**DATASET CONTENT:**

-=-=-

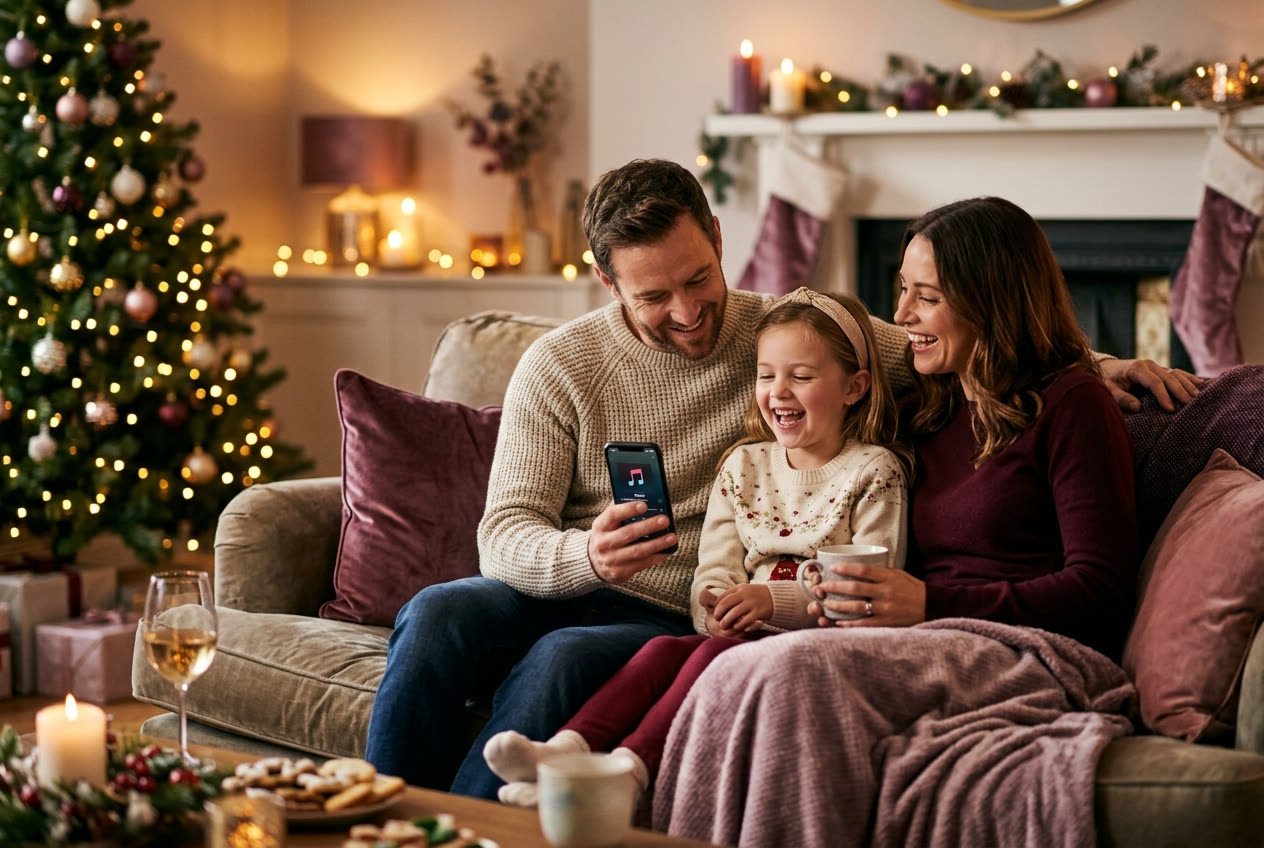 A family playing a song from a smartphone for their daughter during a christmas celebration, everyone listening with delighted smiles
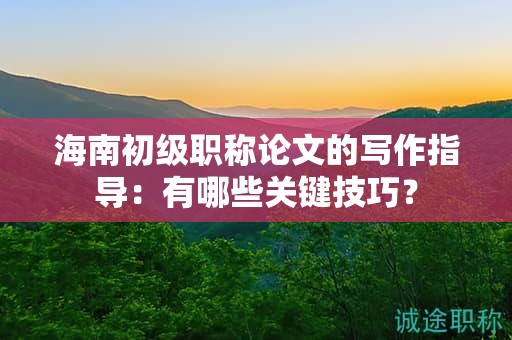 海南初級(jí)職稱論文的寫作指導(dǎo)：有哪些關(guān)鍵技巧？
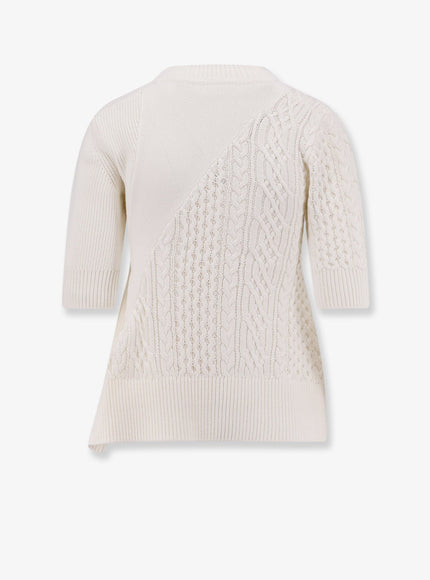Sacai Cotton Blend Asymmetrical Sweater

-=-=-

**EXERCISE REQUIREMENTS:** Restate word for word only the lines from the one with "海南初級(jí)職稱論文的寫作指導(dǎo)：有哪些關(guān)鍵技巧？" through the last line of the material, both included. Any picture should be left out.

**SOLUTION FOR THIS EXERCISE:**
 海南初級(jí)職稱論文的寫作指導(dǎo)：有哪些關(guān)鍵技巧？
Sacai Cotton Blend Asymmetrical Sweater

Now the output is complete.